For a long time I insisted on pointing out to all who would listen, enemy of racial essentialism that I am, that Obama is not, ethnically, an "African-American," in the sense of this term Jesse Jackson had in mind when he coined it. This term is meant to designate the descendants of slaves from West Africa, who developed over the centuries a New World hybrid culture with a distinctive English dialect, distinctive recipes, music, religion, etc. Obama is in contrast a Kenyan-American, among other things, and thus from a part of Africa that never provided slaves to America, and that is as culturally different and geographical far from Ghana as Ghana is from Portugal. But then it dawned on me that Obama's ability to assume the same "racial" (which is to say ethnic) identity as Jesse Jackson or Frederick Douglass, in fact serves to strengthen my point about the malleability of our ethnic categories. If a Kenyan-American may be subsumed into an ethnic community of descendants of West Africans, then in principle any adoptive ethnic affiliation is possible. It is only harder for me (an Anglo-American) to publicly express the same elective affinity because Americans continue to believe in the pseudoscience of race as a reality that runs deeper than ethnic identity. 

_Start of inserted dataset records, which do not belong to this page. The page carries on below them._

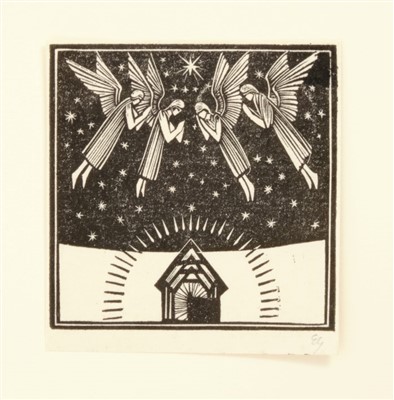 Lot 1137 - Eric Gill (1882-1940) wood engraving, Cantet Nunc Lo, 1916 (Skelton P75) 5 x 5cm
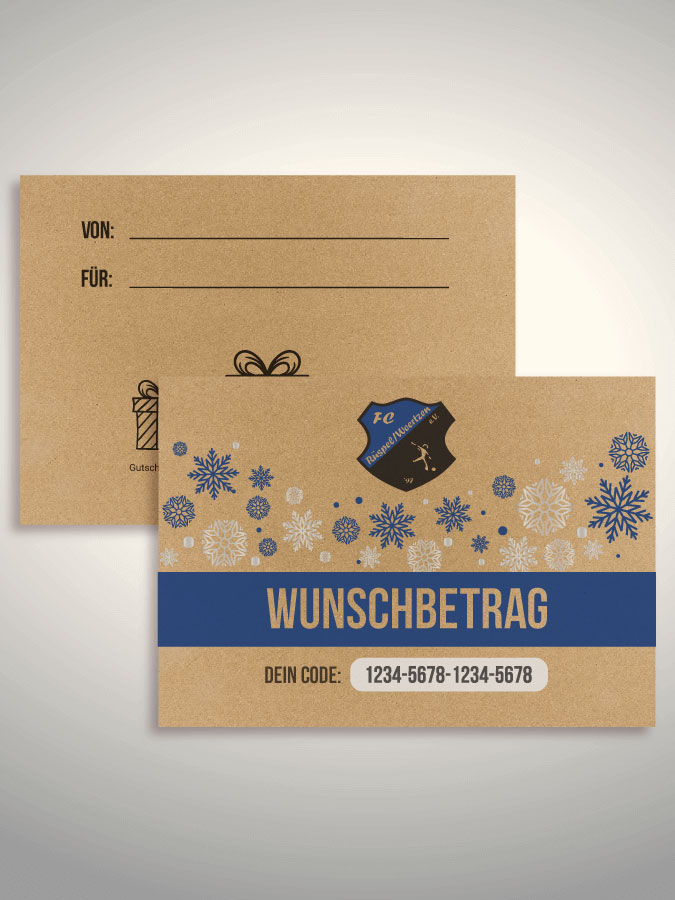 Weihnachtsgutschein per Versand (Kraftpapier)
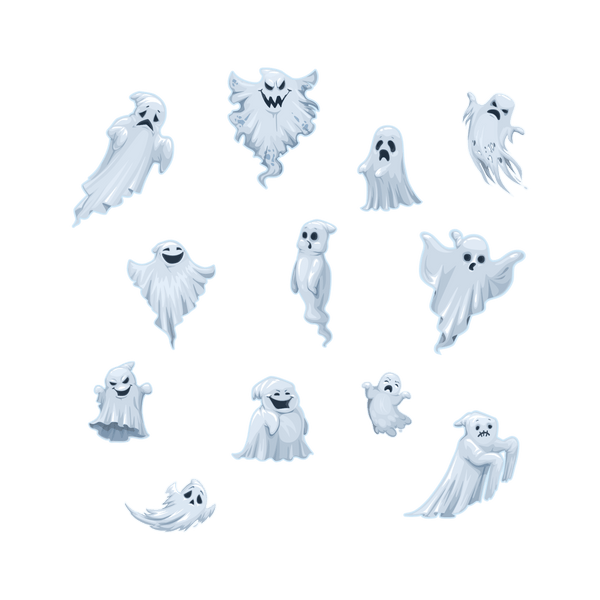 A collection of fourteen Cover-Alls Ghost Decals with various expressions, floating against a solid dark green background.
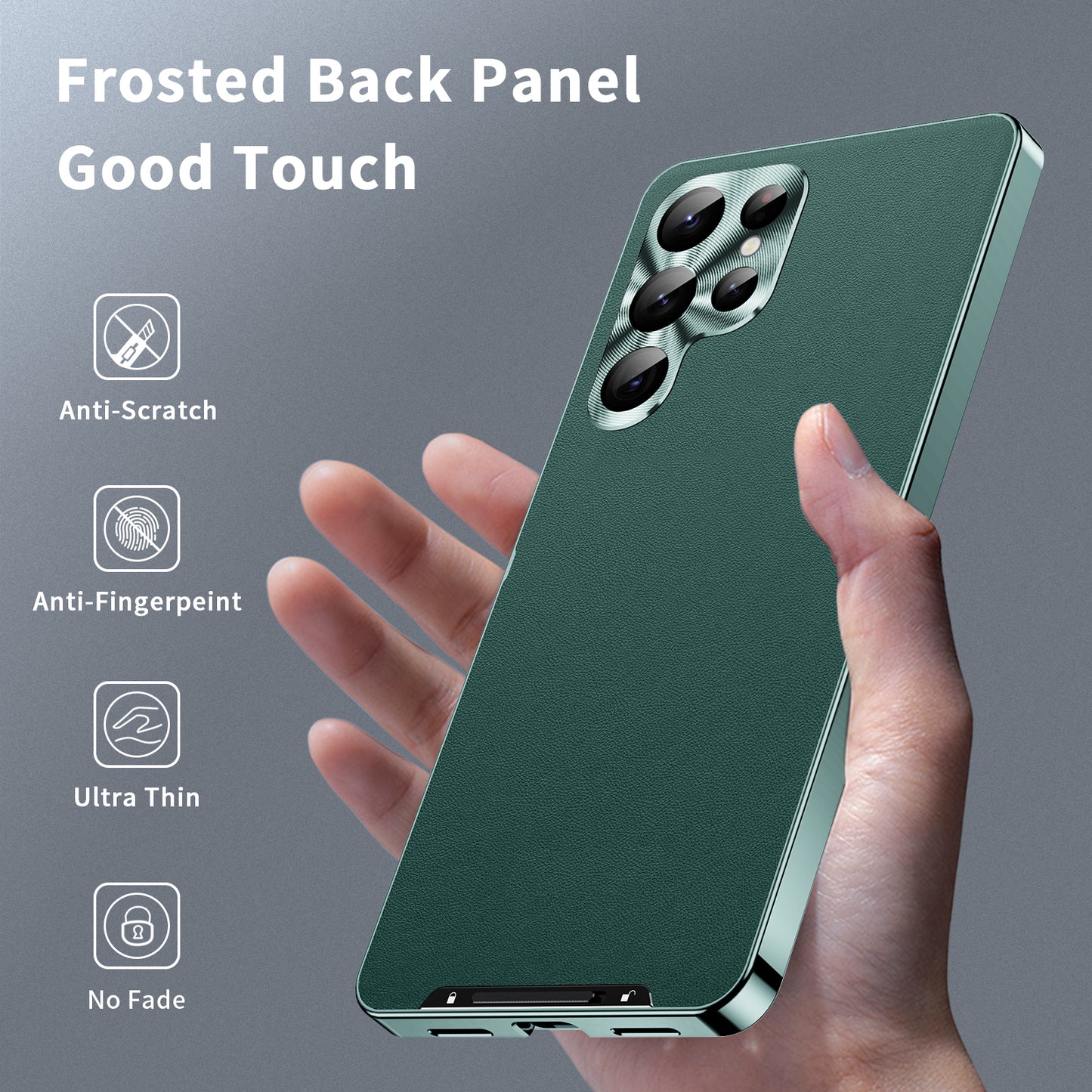 For Samsung Galaxy S24 Ultra Magnetic Case Metal Frame Leather+PC Matte Cover - Green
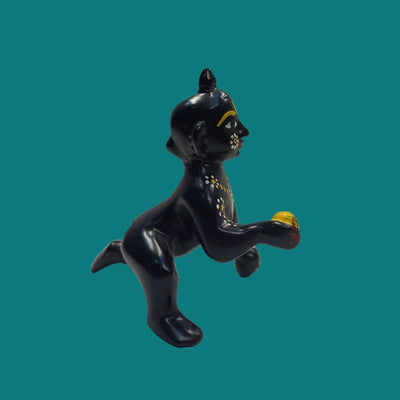 Tamas Brass Black Laddu Gopal - Thakur Ji Statue/Idol (Golden) (4.5 Inches)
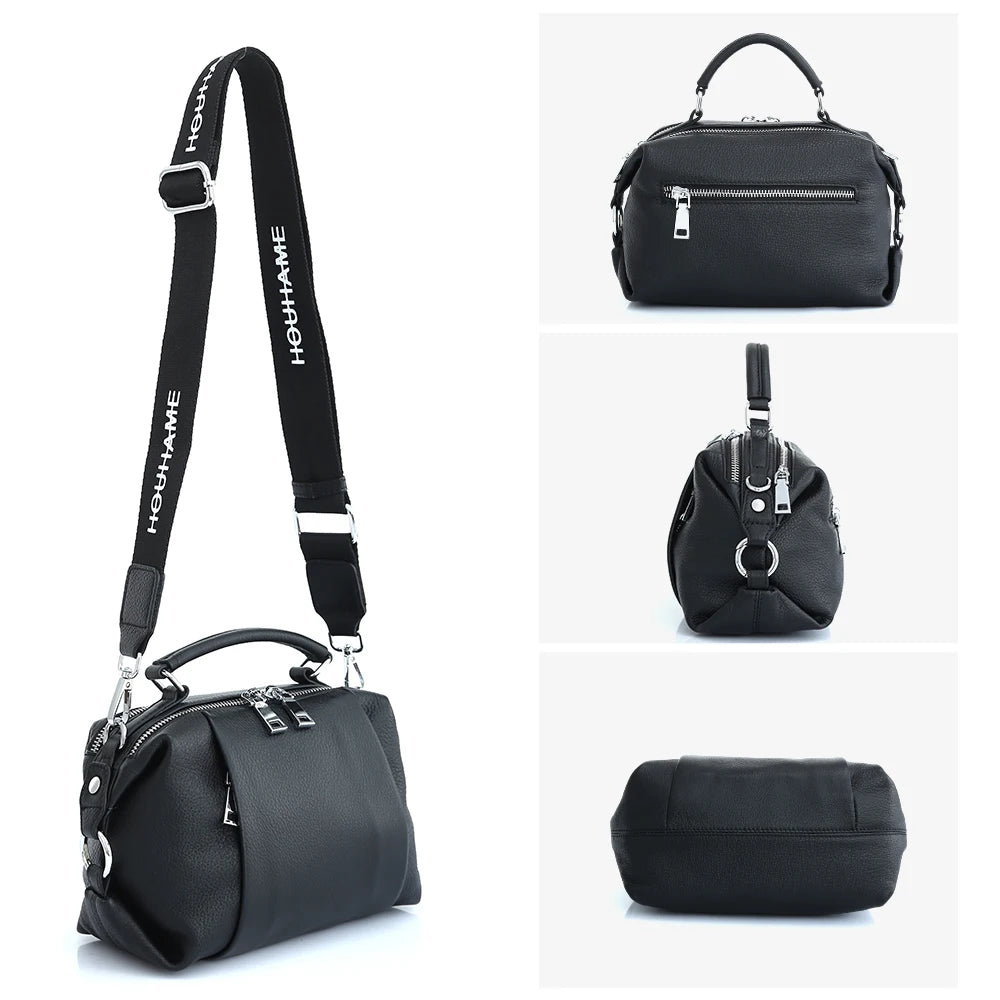 Genuine Leather Casual Multiple Pockets Crossbody Bag Female Handbag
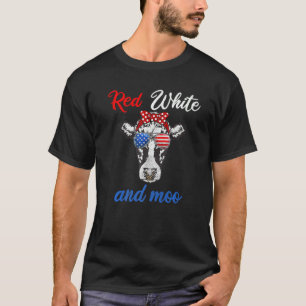 Red White & Moo 4 juli Kleding USA Patriottisch T-shirt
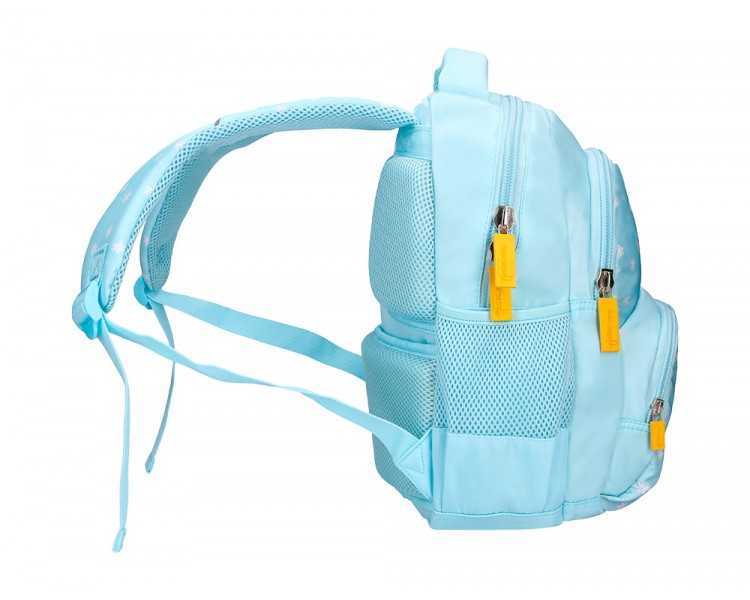 Cartera escolar liderpapel moc hila multibolsillo infantil flowers azul 350x110x270 mm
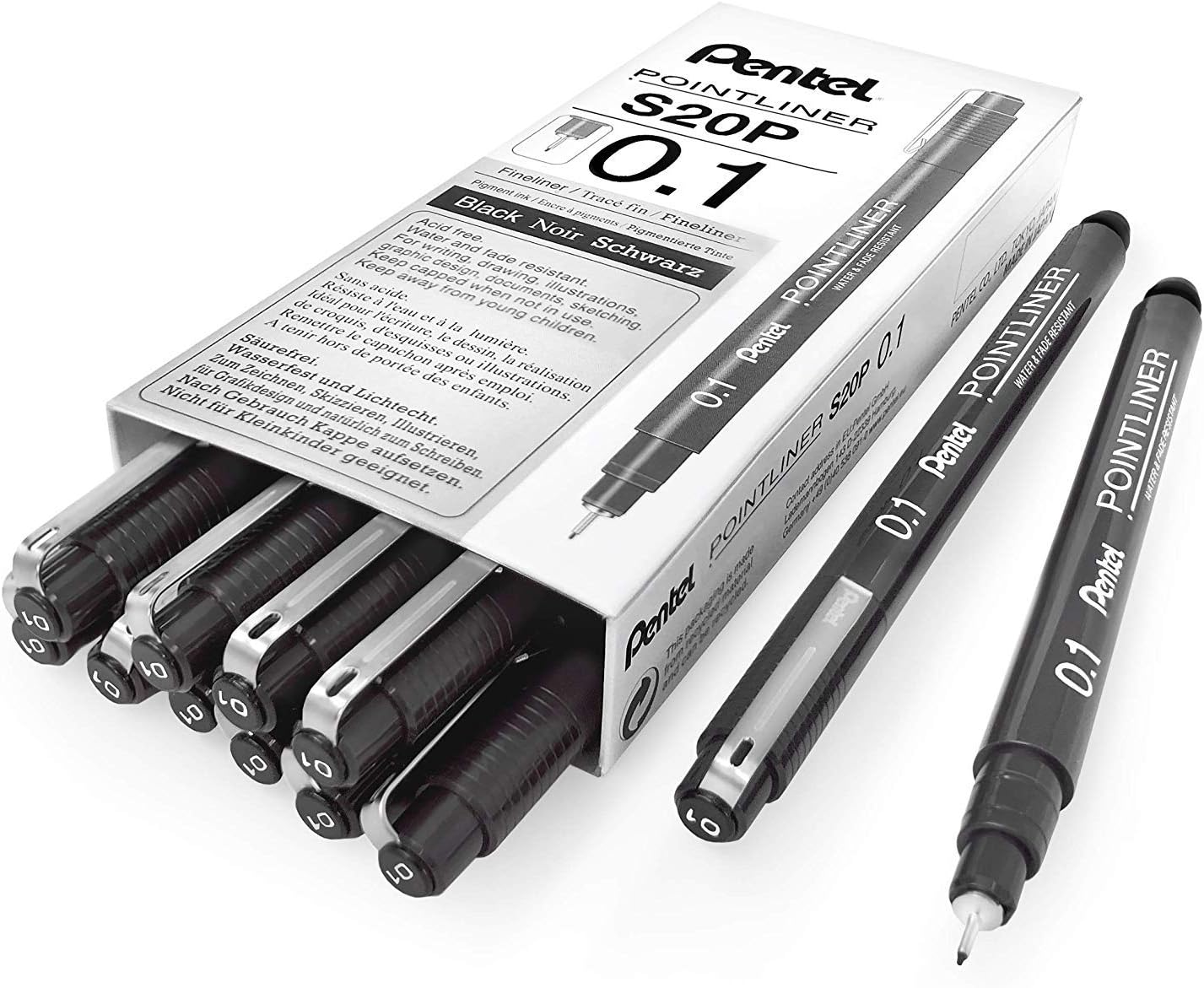 Pentel Arts Pointliner Drawing Pen, 0.1mm, Black Ink, Box of 12 Pens (S20P-1A)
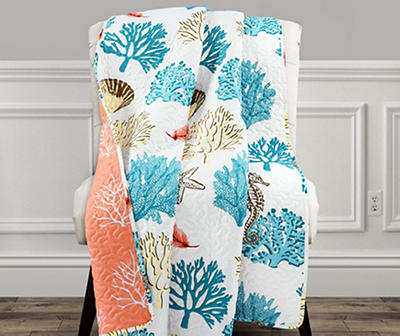 White, Blue & Coral Coastal Reef Quilted Throw, (50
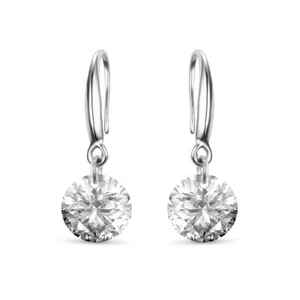 925 Dangle Earrings Sterling Silver Brilliant Cut Cubic Zirconia 25mm, Pin: 1mm - Picture 1 of 2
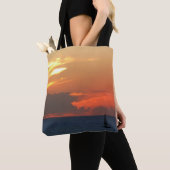 Sunset Clouds and Sailboat Seascape Tote Bag (Dichtbij)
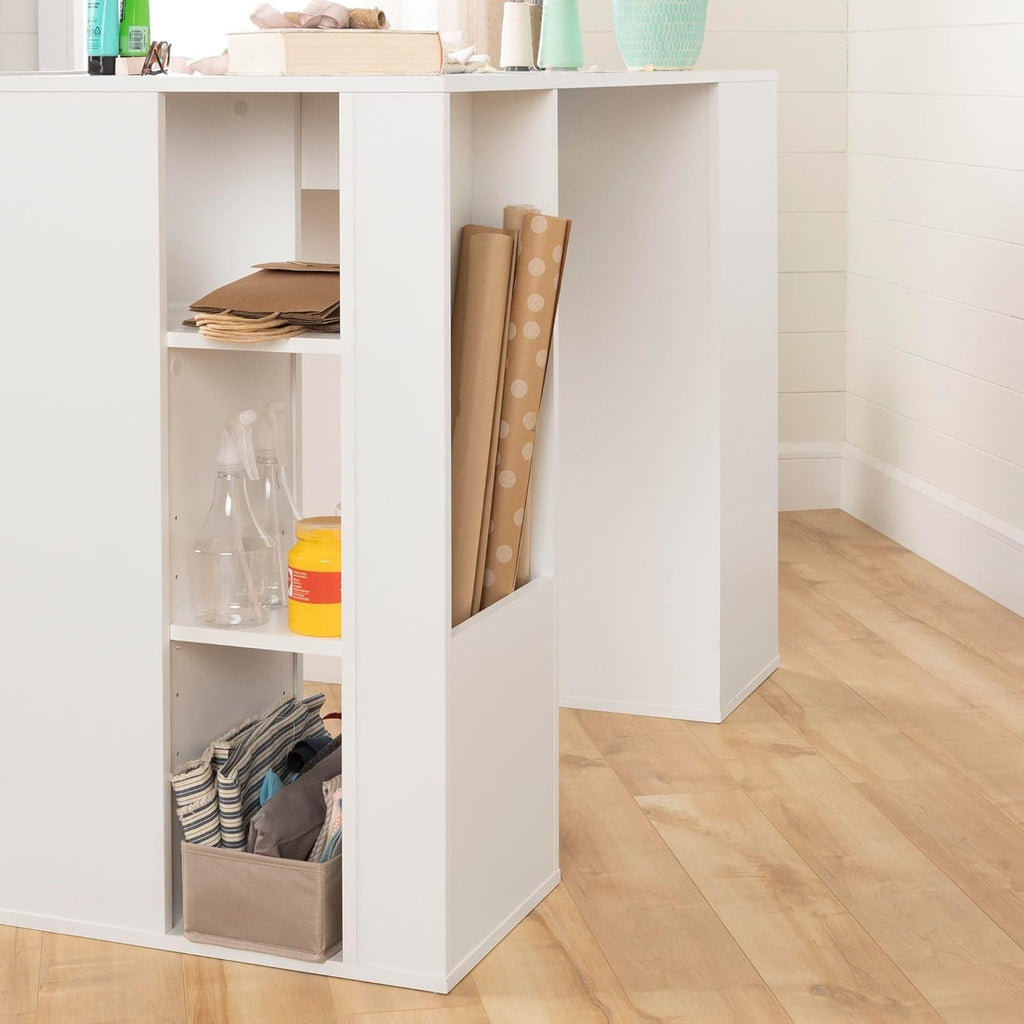Pure White Counter-Height Craft Table with 4 baskets Q293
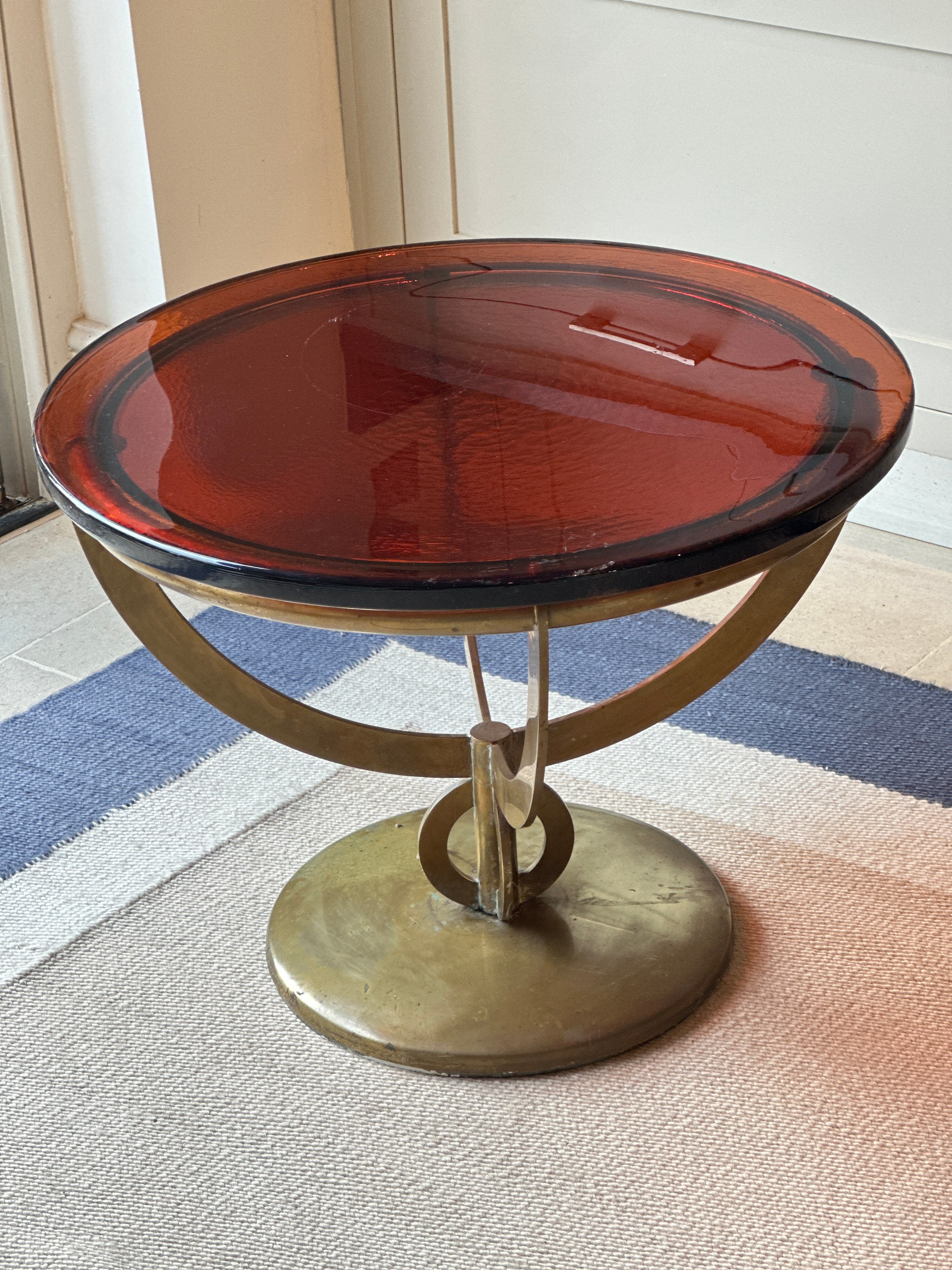 Amazing 50s Italian Glass and Brass Table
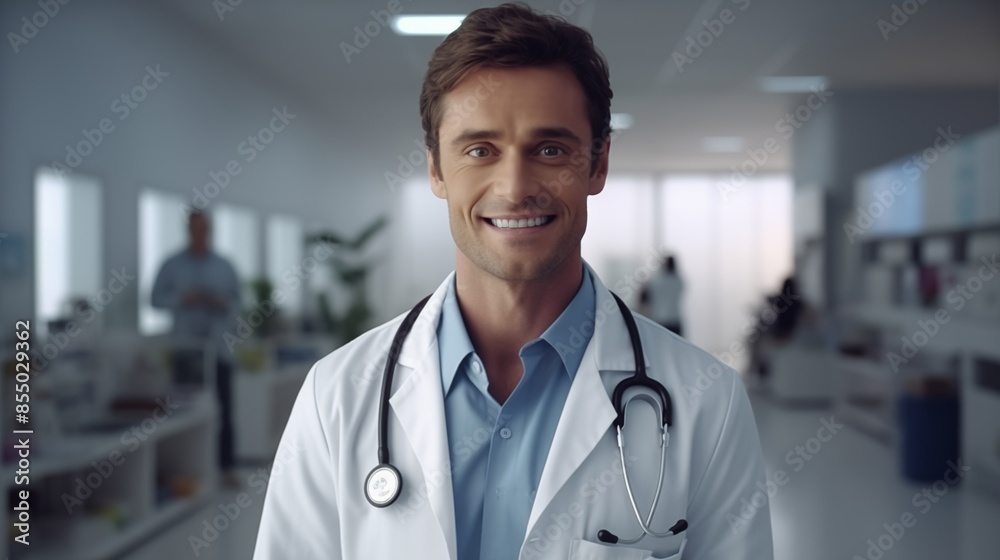 Smiling Doctor in Lab Coat with Stethoscope in Modern Hospital Setting. Smiling Doctor in Lab Coat with Stethoscope in Modern Hospital Setting.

It would in any case be quite a bit harder for me to, say, choose to run as a woman for public office as a result of elective affinity, and it would do nothing to legitimate this choice if I were to point out that one of my two parents is a woman. Having a black father makes Obama 50% black (and thus, by America's racist calculations, 100% black), whereas having a female mother does not make me any more a woman. This point is so obvious it's unlikely that anyone has ever bothered to make it before, but it is crucial for driving home the disanalogy. Women live in the same homes as men, and give birth to both boys and girls. Women have the same class-based interests to protect --their homes, their children's futures-- as the men with whom they share their class identity and their antagonism towards the men and women on the other side of the tracks. Blacks and whites, in contrast, not only do not live in the same homes, but rarely even in the same neighborhoods, and where they do it is a tense coexistence. The success of one group's children is, as Obama pointed out in his Philadelphia speech, generally perceived as a zero-sum game that depends upon the failure of the other group's children. I could go on and on, describing other points of disanalogy between race and gender, but I hope it's clear by now.

Eventually, in a post-racial America, an American's Kenyan descent will no longer appear as a sufficient reason to group that person with Ghanaian-Americans, again, any more than the Ghanaian-Americans would be grouped with the descendants of the Portuguese. But again, for now, "race" is conflated with ethnicity, and it is enough for Obama to emerge as an "African-American" leader that symbolically he appears as one of the people who belong to the social class in America that continues to suffer from gross inequality as a result of the legacy of slavery. America needs such a leader as a crucial step in overcoming the legacy of slavery, which Obama has rightly described as its specific "original sin." As Hillary Clinton herself rightly pointed out, Martin Luther King's grass-roots leadership was only able to change American society at an official and legal level as a result of Lyndon Johnson's deigning to legitimate it. The racial divide in America can never be bridged by community efforts, and occasional white gestures of conciliation, alone. It will be bridged, maybe, when the descendants of the slaves have full and direct access to the apparatus of power. If a Kenyan-American can stand in as a member of this group, for now, as a first step, this is surely a step in the right direction.

A post-gender America, in contrast, is a science-fiction biotech utopia that I hope I won't live to see. I'll repeat one last time that this does not mean that a woman president would not be a good thing, but only that she would do nothing to remedy our distinctly American original sin. Given the racially charged dirty campaigning we've seen from the Clintons so far, it is safe to say that if that particular woman president turns out to be Hillary Clinton, the fallout of this original sin will get worse before it gets better.